Author SHA1 Message Date
c655399a07 Apply 'go fmt' as suggested in CONTRIBUTING.md. 2026-04-18 07:43:22 -04:00
Andrew Nesbitt
7346008aa5
Add metadata TTL and stale-while-revalidate support
Cached metadata is now served directly within a configurable TTL window
(default 5m) without contacting upstream, reducing latency and upstream
load. When upstream is unreachable and the cache is past its TTL, stale
content is served with a Warning: 110 header per RFC 7234.

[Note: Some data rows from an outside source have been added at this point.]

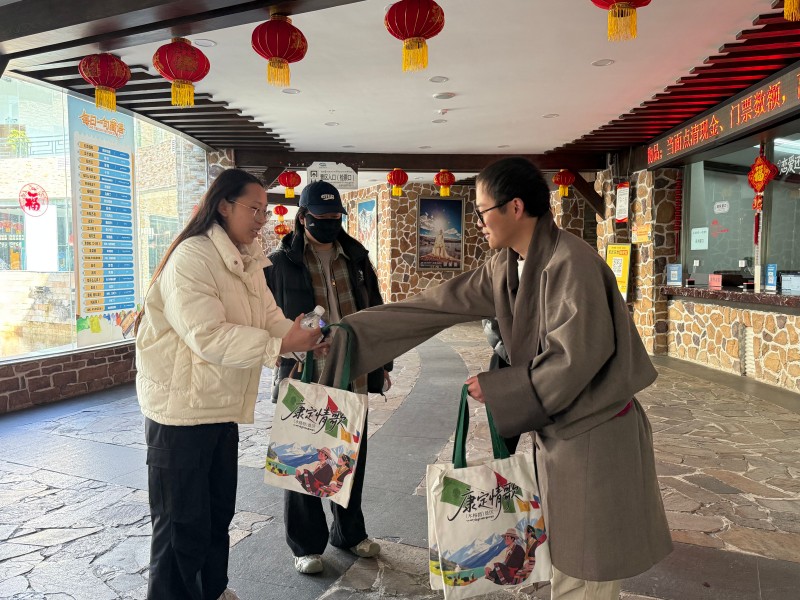 為第一批持卡游客贈送伴手禮。甘孜州委宣傳部供圖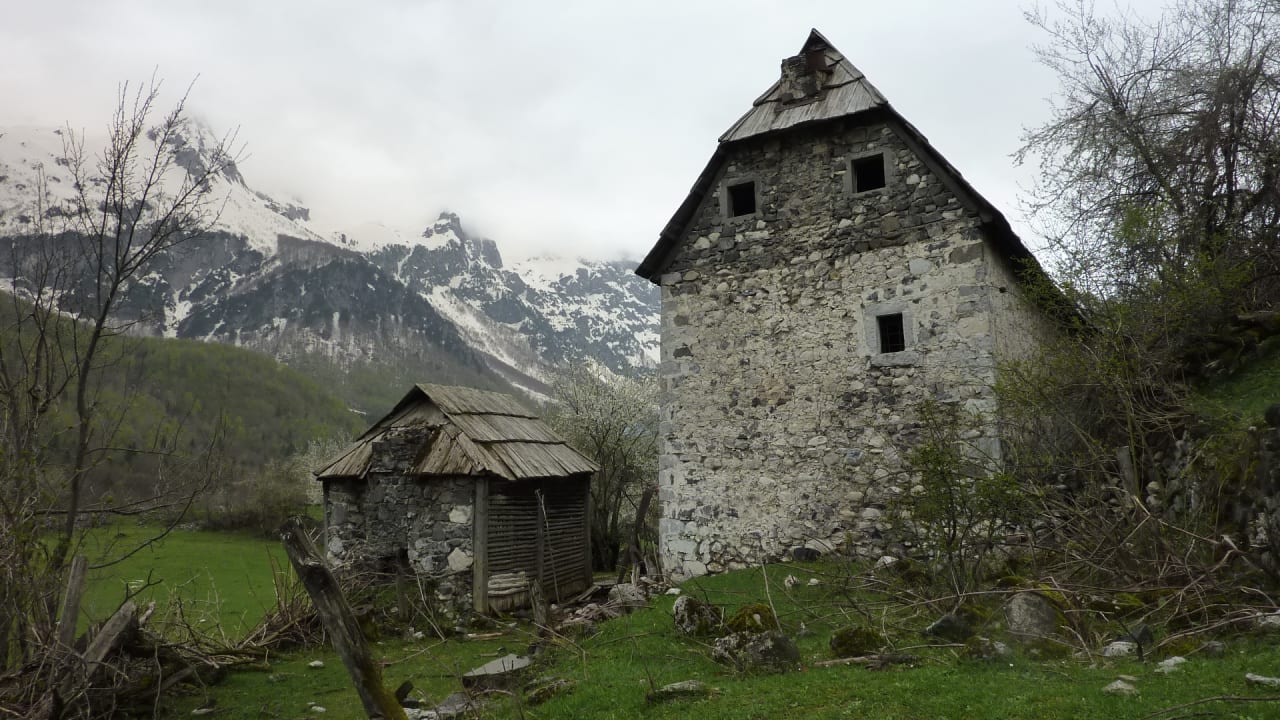 Außenansicht Hotel Margjeka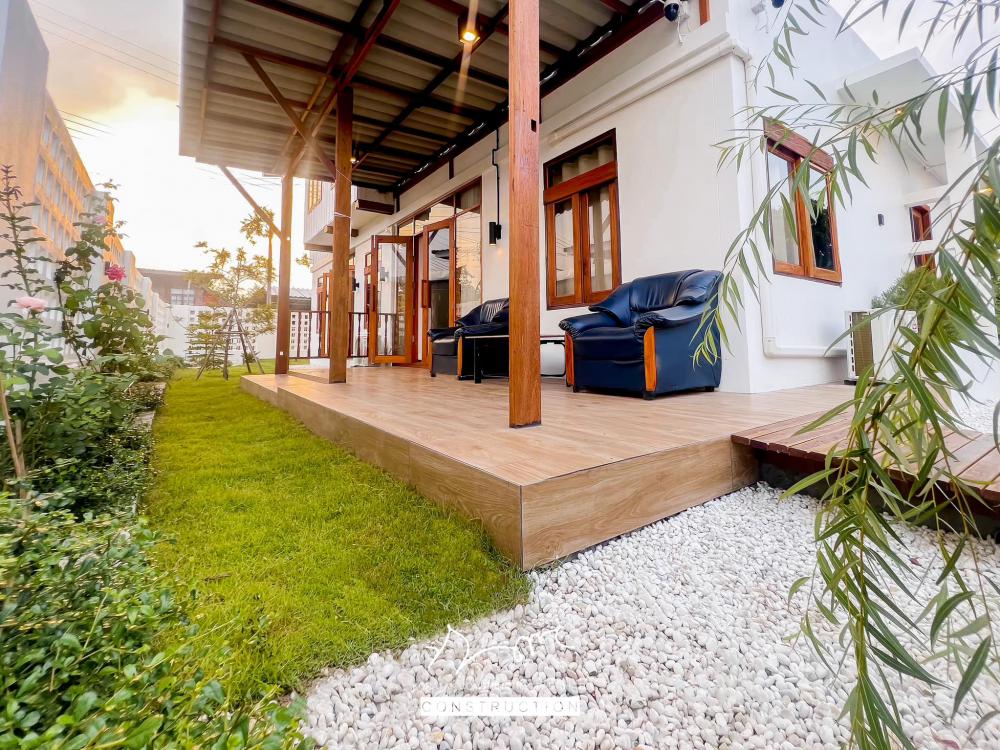 รีโนเวทบ้านครึ่งปูนครึ่งไม้สไตล์มินิมอลโทนขาว  จากพื้นที่ใช้สอยเดิม 𝟏𝟑𝟏.𝟎𝟔 ตร.ม. ขยายเป็น 𝟐𝟎𝟒.𝟕𝟖 ตร.ม. รูปที่ 5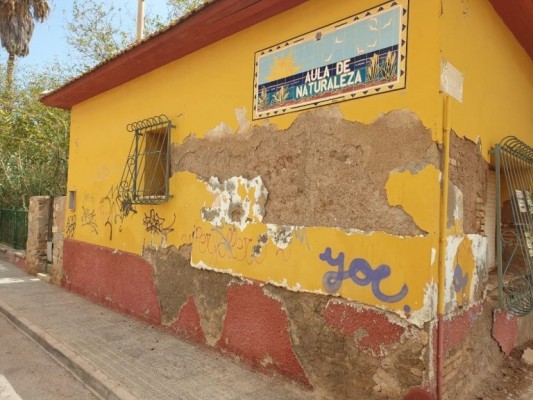 Denuncian el abandono del Aula de la Naturaleza de Los Urrutias que presenta 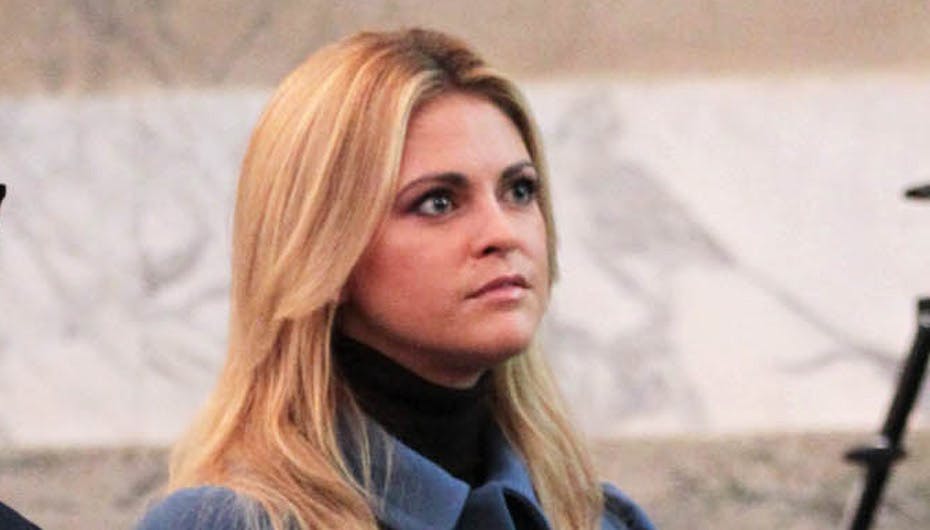 Madeleine er blevet sur på farmand. Hun beskylder ham for at stritte hendes eksforlovede Jonas Bergström ud mod hendes vilje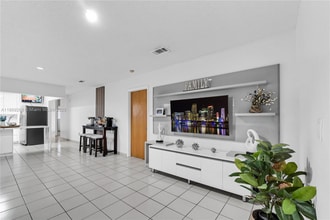 980 W 43rd Pl in Hialeah, FL - Foto de edificio - Building Photo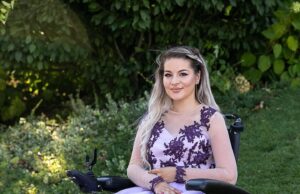 ANDREEA LICHI ARE NEVOIE DE AJUTORUL NOSTRU! IMOBILIZATĂ ÎNTR-UN SCAUN CU ROTILE, TÂNĂRA NU ŞI-A PIERDUT SPERANŢA: „VIAȚA NU SE OPREȘTE”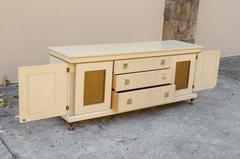 Spectacular Restored Buffet or Credenza in Cream by Renzo Rutili, circa 1960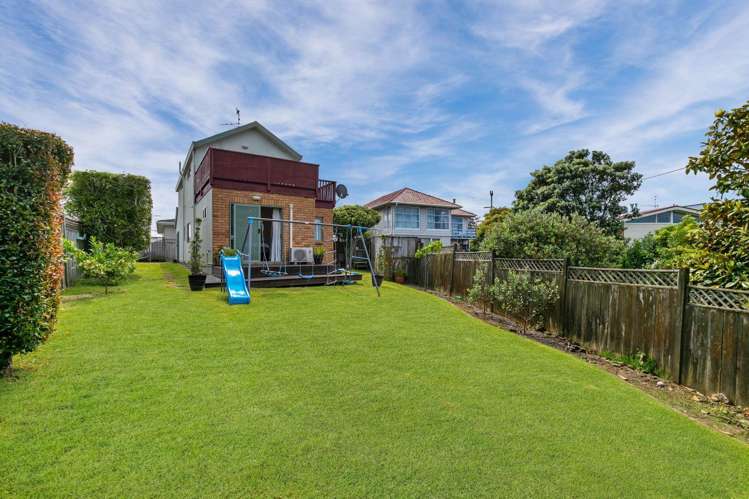 2/267 Glenfield Road Hillcrest_13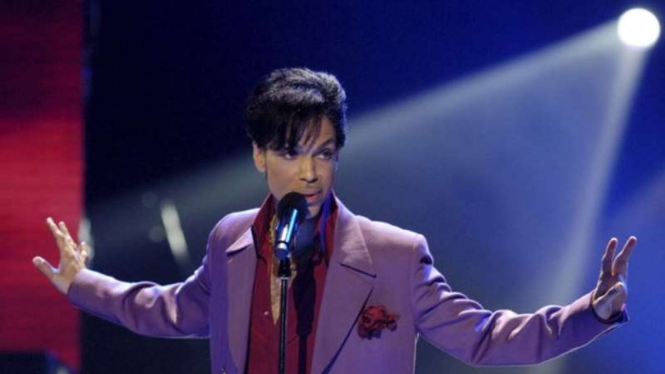 Penyanyi Prince meninggal dunia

New config: `metadata_ttl` (YAML) / `PROXY_METADATA_TTL` (env).
Set to "0" to always revalidate with upstream.
2026-04-13 09:01:05 +01:00
Andrew Nesbitt
c01f0a5c05
Fix metadata caching, 404 propagation, mirror progress, and registry stubs
- ProxyCached now stores upstream Last-Modified in the cache and uses it
  (along with ETag) for conditional request handling, returning 304 when
  client validators match. Adds Content-Length to cached responses.

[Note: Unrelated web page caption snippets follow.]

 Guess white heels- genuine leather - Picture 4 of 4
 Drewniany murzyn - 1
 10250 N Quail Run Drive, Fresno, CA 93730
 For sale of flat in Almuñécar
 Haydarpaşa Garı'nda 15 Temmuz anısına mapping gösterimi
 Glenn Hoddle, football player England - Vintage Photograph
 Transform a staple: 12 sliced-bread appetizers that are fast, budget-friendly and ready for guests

- Handlers calling FetchOrCacheMetadata (pypi, composer, pub, nuget) now
  check for ErrUpstreamNotFound and return 404 instead of 502, matching
  the existing npm and cargo behavior.

- Mirror jobs report live progress via a periodic callback while running,
  so API polls return real counts instead of zeroed progress.

- Registry mirroring removed from CLI flags, API acceptance, README, and
  docs since every enumerator was a stub returning "not yet implemented".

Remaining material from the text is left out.